Now don't get me wrong, I'm an animal lover and I CARE, but I also want to be able to afford to eat. Hence the purchase of a cat toothbrush...and the burden of following through on using it. I put off dental duty as long as possible, but eventually the conscience gave in.
In the end, though, Ginger was a total champ about it and proved there was no need for Micah to be wearing the oven mitts he put on to protect himself in the role of cat hold-er down-er. And who knew we'd come across some technical writing at its best in the process! (See below.)
Exhibit A - the lovely lady
Exhibit B - kitten model stricken with fear
Exhibit C - How To
Step 1: "Begin by gently massaging your cat until your cat is relaxed."
Ginger has been known to attack when relaxed AND purring.

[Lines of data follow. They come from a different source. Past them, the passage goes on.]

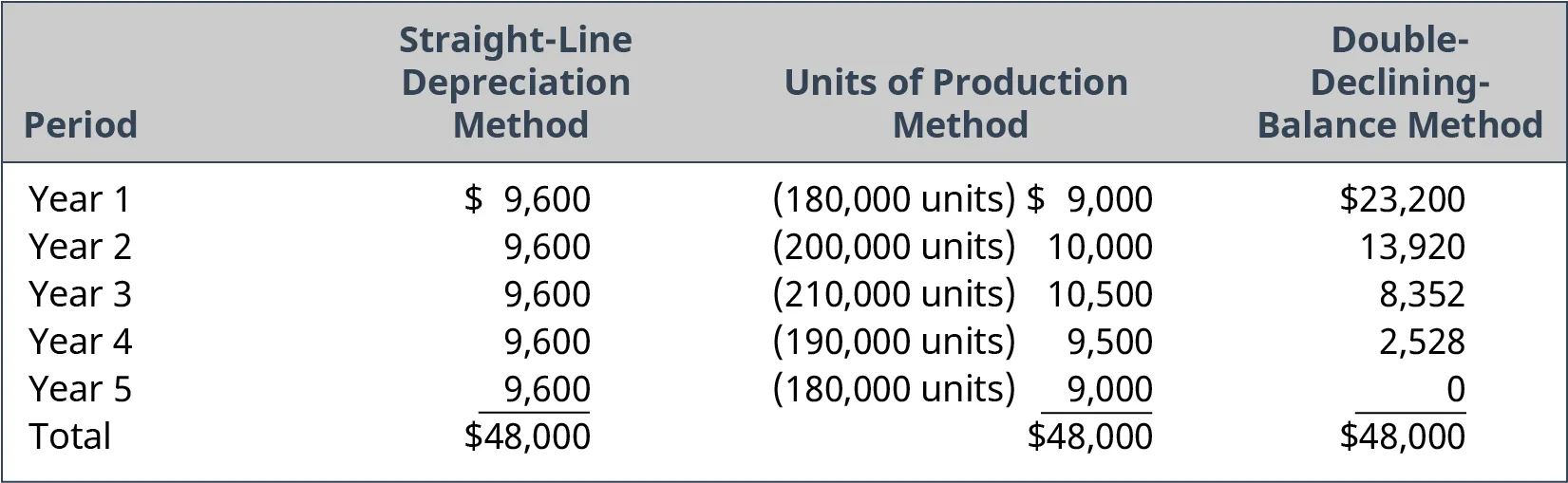 A comparison of Straight Line Depreciation Method, Units Of Production Method, and Double-Declining Balance Method over 5 years. A fixed depreciation of $9,600 is charged for years 1-5 in the straight-line method. A fixed percentage is charged per unit in the unit of production method. In the double declining balance method 40% of the current year’s book value is charged until the stated salvage value is reached. Each method results in a total of $48,000 in depreciation charges.
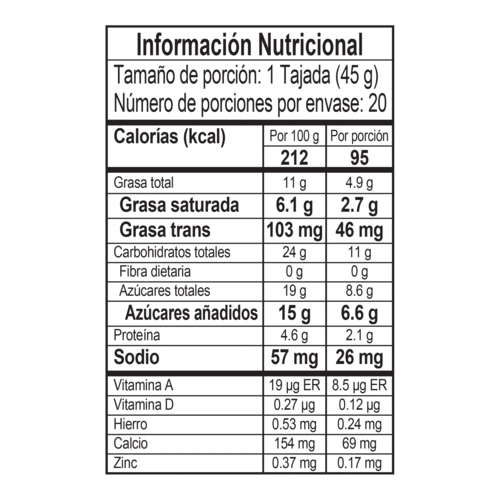 Tabla nutricional frutos rojos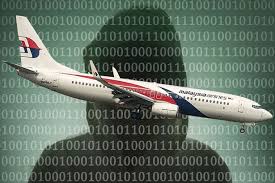 Resultado de imagen de Aircraft Hackers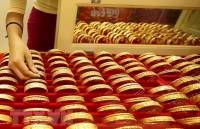 Giá vàng trong nước và quốc tế có thể hưởng lợi từ đồng USD suy yếu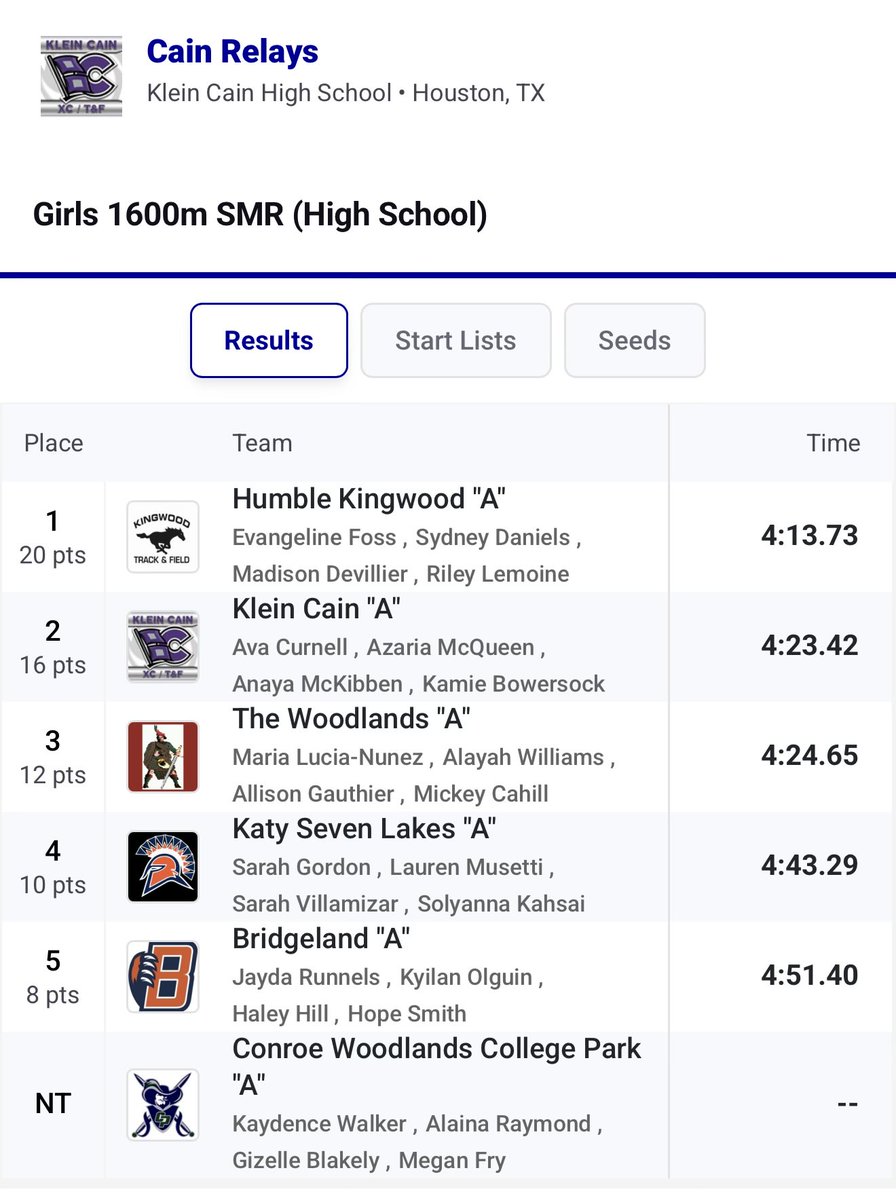 SMR School record has just been broken!! #HERricane #TenToes
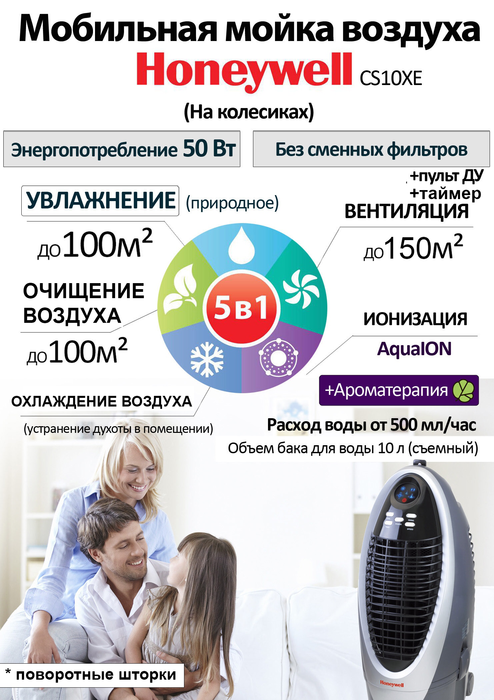 Мобильный кондиционер без воздуховода Honeywell CS10XE с ионизацией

Step 2: "Once your cat is relaxed, squeeze a small amount of toothpaste on your finger and allow your cat to taste it."
That could take hours. Hmm...apparently not if you put some on her nose.
Step 3: Now that your cat has accepted the toothpaste, proceed."
Will she tell me when she's accepted it?
Step 4: Gently brush teeth with short strokes.
Absolutely the only kind possible, if we're being honest.
So anyway, I finally got to check this off the to-do list. YES!!!